Огарев: богатейший помещик страны, после эмиграции через родню крохи (часть крестьянских оброков) доходили и до Лондона. Гомерически бездарные вирши Герцен брал в «Колокол» не только из-за общей «аннибаловой клятвы» — общей, так сказать, стала и жена Огарева; жили вместе, дети — вроде Герцена. Извиняет того, что ранее с предыдущей женой Герцена так же жил социалист Георг Гервег, а Герцен грозил Гервегу… судом международной демократии. Смысл припоминать это здесь? Тот же Герцен — о Екатерине II: «Ее историю нельзя читать при дамах!» (неприлична, много-де любовников). Только сочетание слов и жизней дает сей аромат…
До переименований в Москве были улицы Герцена и Огарева. Более того, они пересекались! Чем не место для «тематического» свингерского клуба на их углу?
Ну и финал… Растоптав талант Грибоедова, о его смерти Огарев выразился: «на дипломатическом поприще наткнулся на случайную гибель».
Справка: Огарев умер в Лондоне, пьяным свалившись в сточную канаву.
Сто, триста царских, советских, путинских пропагандистов не придумают такого. Впрочем, советские вычеркнули прилагательное «сточная»... Мой вопрос: а какие еще канавы там были, кроме сточных? Плюс намекнули (крайнее пьянство Огарева не спрятать) на эпилепсию.
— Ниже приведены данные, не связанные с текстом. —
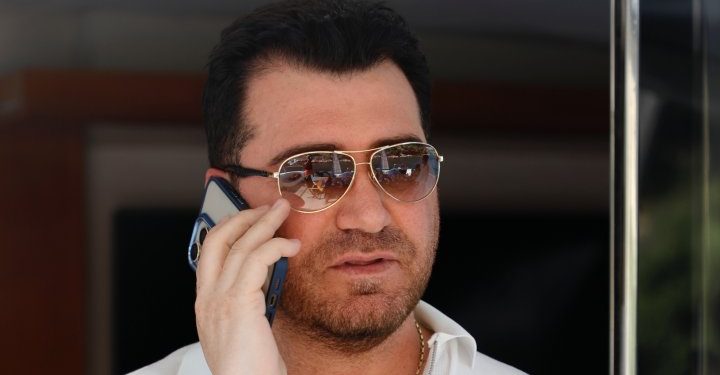 Murat Kurşun, annesinin en sevdiği şarkıyı vefatının 20’inci yılında merhume için okudu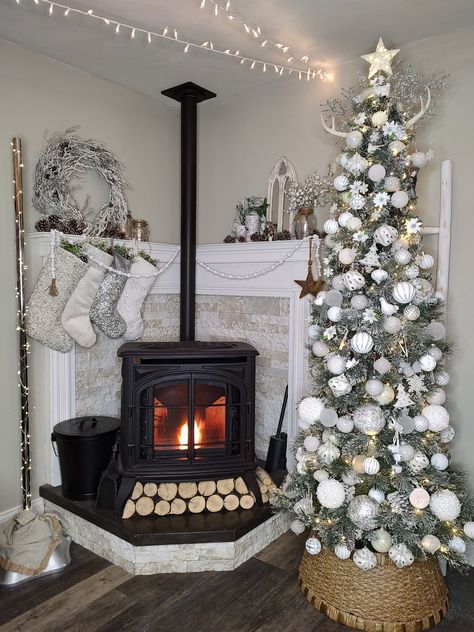 Christmas Mantal, Rustic Glam Christmas Decor, Rustic Glam Christmas Tree, Wood Burning Stove Corner, Corner Wood Stove, Rustic Glam Christmas, Wood Burning Stoves Living Room, Glam Christmas Tree, Boho Modern Farmhouse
Нет, Березовский, висящий на шарфе недалеко от той лондонской канавы, — античный герой, Перикл в сравнении с нашим «поэтом». Сама клевета тут бессмысленна. А ключ к тем жизням, что грязней грязного поклепа? Опять же в строках «героя»: «(Грибоедов) ничего не мог развить в себе именно потому, что примкнул к правительству, гробу талантов и доблести». А «примкнуть» к лондонскому «Колоколу» — гарантия. Любому, даже огаревского уровня.